The underlying cause of AL amyloidosis is usually a small clonal B cell or plasma cell population, whereas only about 10% of patients have overt multiple myeloma or, in rare cases, a secretory active B-cell lymphoma. In approximately 70% of AL amyloidosis cases, lambda light-chain expression can be found [3]. The cardiac dysfunction observed in AL amyloidosis is attributed to the interstitial deposition of the immunoglobulin light chains, but also to their direct toxicity. Amyloidogenic free light chains can induce in myocytes a lysosomal dysfunction, oxidative stress, apoptosis, and dysregulation of MAP kinase signaling transduction pathways and autophagy. These findings suggest that direct intracellular cytotoxic effects of immunoglobulin light chains are at least partially responsible for the rapid progression of the disease and poor prognosis [4].

Transthyretin (TTR) is a transport protein for retinol and thyroid hormone synthesized by the liver, which circulates as a stable tetramer. Transthyretin shows a tendency to form amyloid fibrils when the tetramers dissociate into TTR monomers. The holoretinol-binding protein (RBP) binds and stabilizes tetrameric TTR, suggesting that low concentrations of RBP may be a risk factor for ATTR cardiomyopathy. The cleavage of the TTR tetramers into amyloidogenic monomers susceptible to aggregation is therefore regarded as a speed-determining step in amyloid formation [5]. The destabilization of tetramers and the accumulation of TTR monomers are either the consequence of gene mutations in the transthyretin (TTR) gene (ATTRv) or, if absent, are associated with age-related processes that are only partially understood (ATTRwt) [6]. It is unclear which factors explain the higher prevalence in men, the preferred accumulation in certain tissues and the later manifestation of ATTRwt, although the protein is present from birth.

To date, more than 100 mutations have been described in the TTR gene, although most ATTRv amyloidoses are caused by p.Val142Ile (also known as Val122Ile) and p.Val50Met (also known as Val30Met) mutations. These pathogenic amino acid substitutions induce conformational changes that destabilize the native tetramer structure and increase the likelihood of their dissociation in amyloidogenic TTR monomers. In this context, it is important to mention that, in addition to cardiotoxic TTR amyloid fibrils, non-fibrillary amyloidogenic TTR molecules are likely to have a cardiotoxic potential [7].
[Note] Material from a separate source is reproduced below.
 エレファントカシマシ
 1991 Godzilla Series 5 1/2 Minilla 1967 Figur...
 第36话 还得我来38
AA amyloidosis is caused by the deposition of AA fibrils, which are formed from a fragment of the serum amyloid A (SAA) protein in the context of long-lasting inflammatory states. In contrast to ATTR amyloidosis, no mutations are known to promote the formation of fibrils. Nevertheless, there seems to be a genetic predisposition to develop AA amyloidosis. While AA amyloidosis mainly manifests in the gastrointestinal system and kidneys, heart involvement is rather rare. Important causes of AA amyloidosis are uncontrolled chronic inflammatory rheumatic diseases (e.g., rheumatoid arthritis), chronic inflammatory bowel diseases (ulcerative colitis, Crohn's disease), chronic infections (e.g., tuberculosis), and hereditary autoinflammatory diseases (e.g., familial Mediterranean fever).
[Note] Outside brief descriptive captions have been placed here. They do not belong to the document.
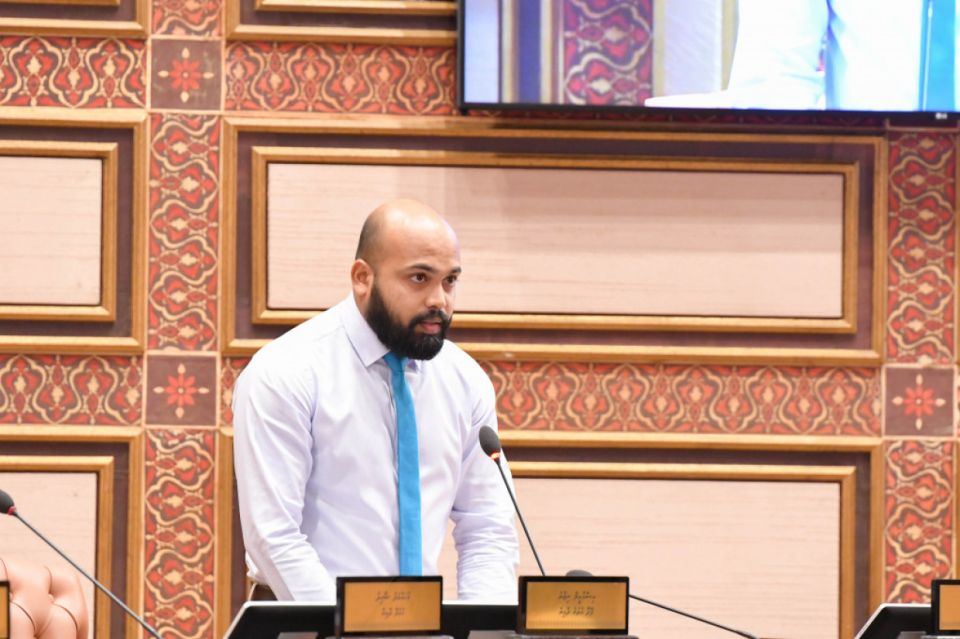 Maalee bayaan husha naalhaa vaahaka report kurumun member Nizar govaalee media bill avahah faas kurumah!
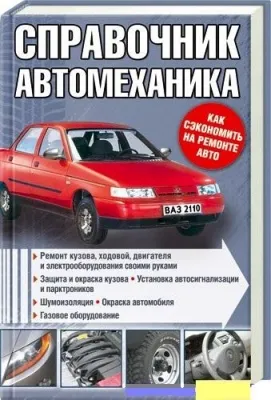 Справочник автомеханика (2011)
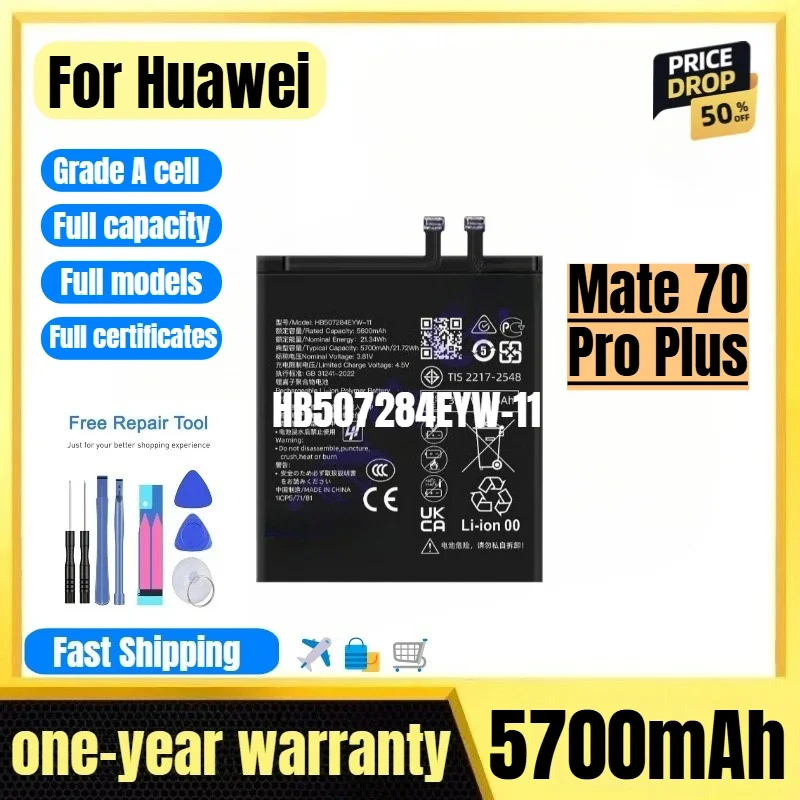 HB507284EYW-11 for Huawei Mate 70 Pro Plus Phone Battery  0 Cycle High Quality High Capacity Replacement Bateria with Tools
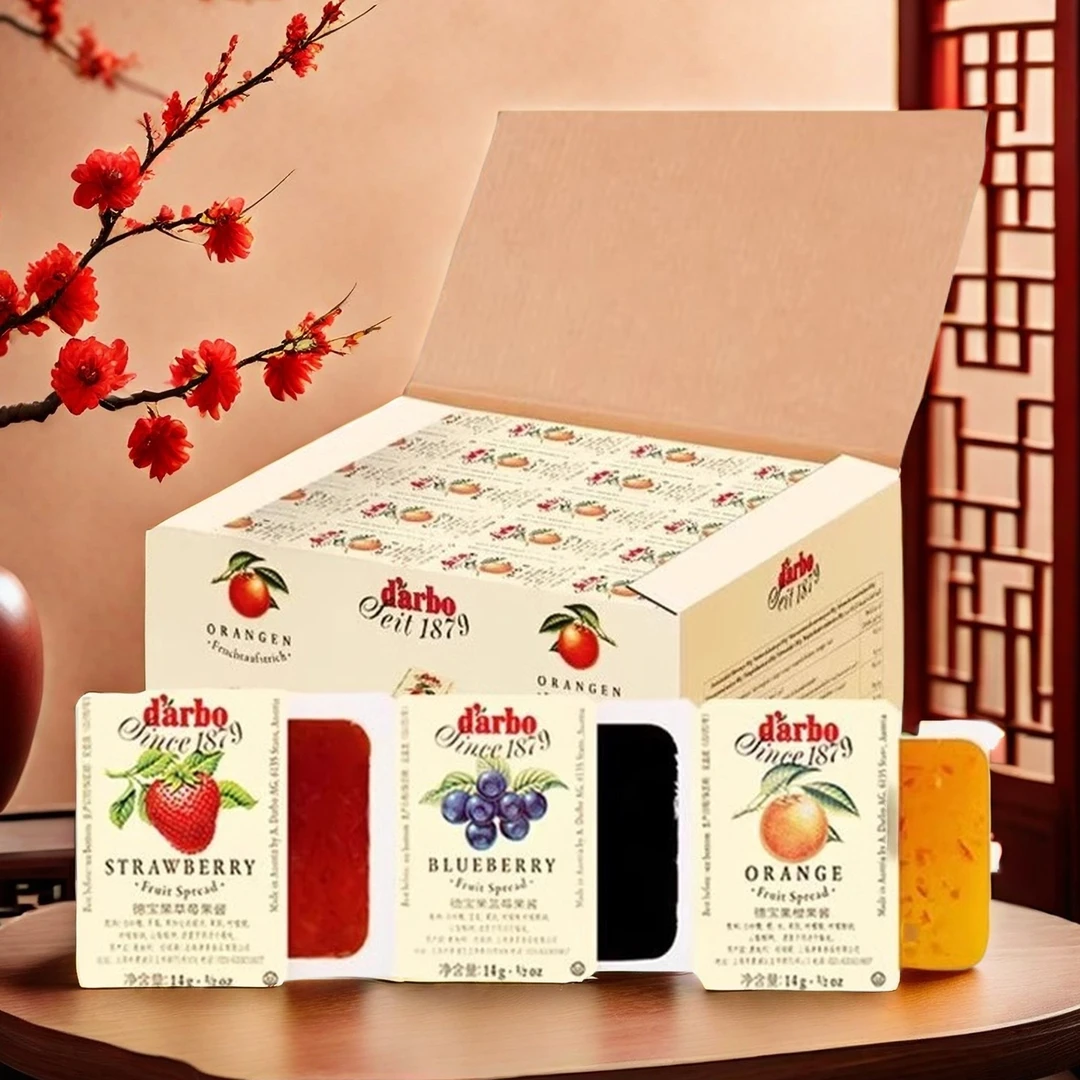 进口德宝牌蓝莓果酱迷你小包装草莓酱果酱夹面包早餐涂抹吐司酱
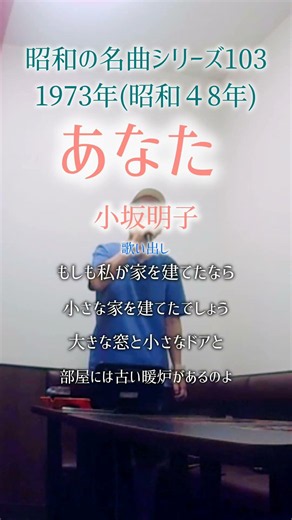 昭和の名曲【あなた】歌い出し／小坂明子 〜もしも私が家を建てたなら〜 #男性が歌う #shorts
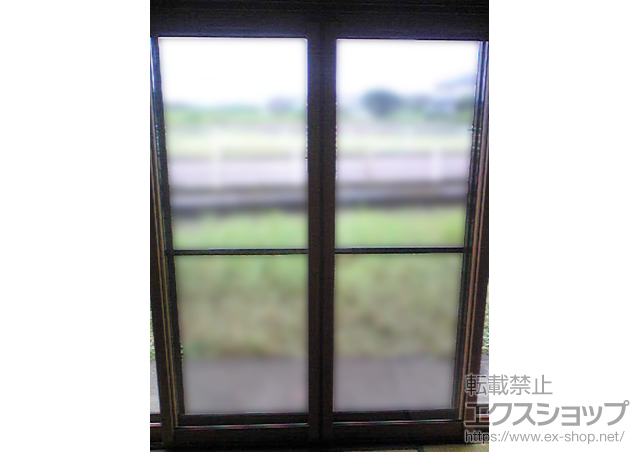 新潟県燕市のの二重窓（内窓） インプラス ダストバリア仕様 引違い窓 施工例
In the liver, affected patients experience an increased production of the SAA protein, C-reactive protein (CRP), and other proteins of the acute phase reaction due to a chronic inflammatory condition under the influence of interleukin(IL)-1, IL-6, and tumor necrosis factor (TNF)-α. SAA is coupled to lipoproteins (HDL_SAA) and is taken up into the cell by HDL receptors. As a result of limited proteolysis of the SAA, the AA fragment is formed, which leads to the formation of a matrix in which the characteristic insoluble fibrils can form as a result of a change in conformation and interaction with the amyloid-enhancing factor (AEF), serum amyloid P (SAP), glycosaminoglycans, and other membrane proteins [8].
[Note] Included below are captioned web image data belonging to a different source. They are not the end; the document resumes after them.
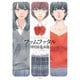 ファムファタル 押見修造画集 （双葉社） [電子書籍]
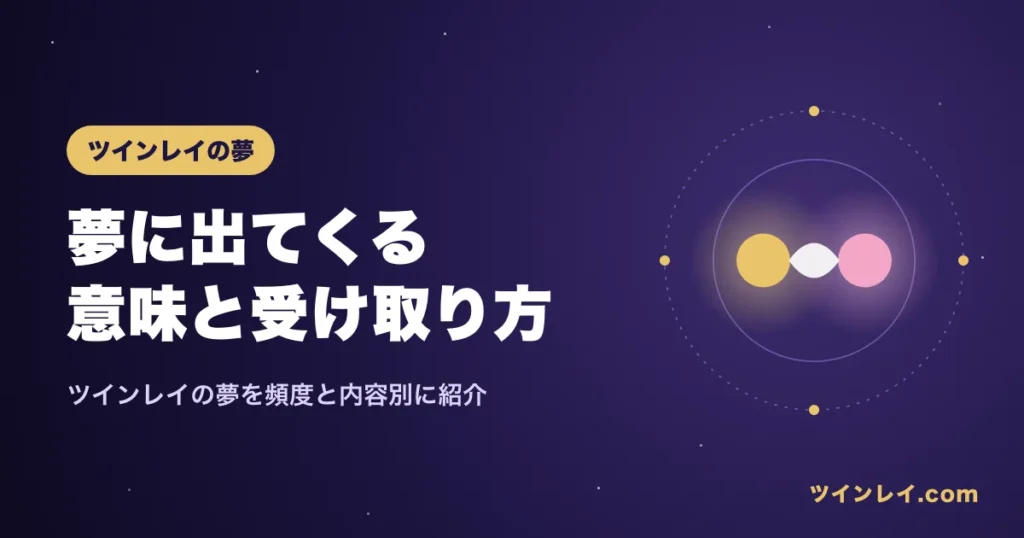 ツインレイが夢に出てくる意味を紹介する記事のアイキャッチ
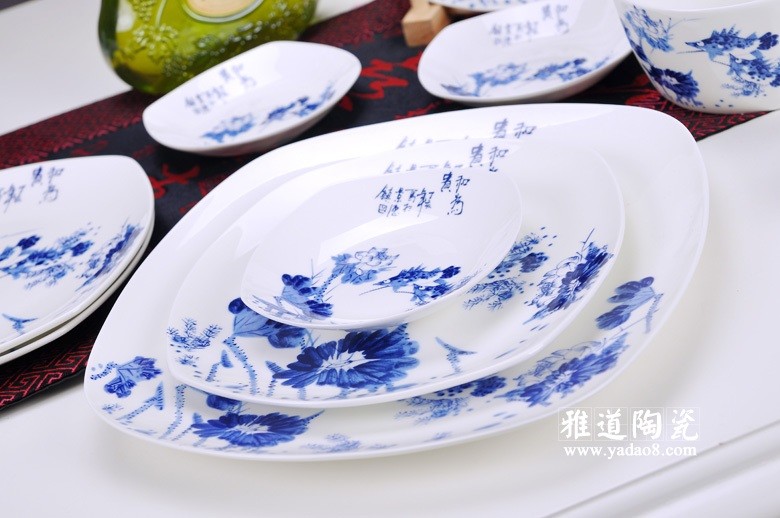 和为贵青花陶瓷餐具（方盘）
The recording of global function, wall motion, myocardial mass, wall thickness, atrial size, and the interatrial septum is part of every routine CMR examination. The increased myocardial mass, significant thickening of the myocardium, enlargement of both atria, and thickening of the interatrial septum can be reliably detected in almost all patients. An advantage compared to echocardiography is the somewhat greater accuracy, especially in patients who cannot be examined well sonographically, the better differentiation of trabeculae and papillary muscles, the significantly sharper and higher-contrast epicardial differentiation, and the complete imaging of both atria. Global and regional strain analyses can be performed with, e.g., the feature tracking method using standard CMR (cine) images [58]. Beyond the improved visualization itself, CMR does not offer any diagnostic advantages in terms of merely anatomical visualization or functional evaluation.

The increased interstitial volume in amyloidosis leads to a correspondingly increased volume of distribution for the extracellular gadolinium-containing contrast media (CM) commonly used in CMR [59, 60]. A few minutes after administration of CM, all infiltrated myocardial segments accumulate it and delimit themselves from unaffected or less affected heart segments. The diagnosis is more challenging if the respective myocardial damage is rather diffuse and quite homogeneous, as the LGE method is particularly good at visualizing regional differences, but global changes can appear pseudonormal. An early observation was therefore that, in amyloidosis, the signal intensities in the blood and myocardium rapidly converge, thus eliminating the usual contrast between blood and myocardium. Such a difficulty in achieving the usual contrasts in LGE imaging is a clear indication for the presence of a pronounced amyloidosis. In almost all cases, however, the entire heart muscle is not equally affected, so that regional differences with emphasis on the basal and subendocardial segments can also be recorded with the LGE method. LGE is not restricted to typical vascular territories or sharply defined as in case of myocardial infarction. Often diffuse and in part transmural changes can be seen (Fig. 2a). Both the right ventricle and the atrial walls may be affected. These typical and specific LGE patterns allow a clear identification of cardiac amyloidosis with sensitivities of ~ 90% and specificities of ~ 90% [61, 62]. A high-quality CMR study with a characteristic LGE finding as shown in Fig. 2a is diagnostic of cardiac amyloidosis and similar to scintigraphy, the combination of such characteristic LGE findings with negative monoclonal protein studies will result in a high positive predictive value for the diagnosis of ATTR amyloidosis.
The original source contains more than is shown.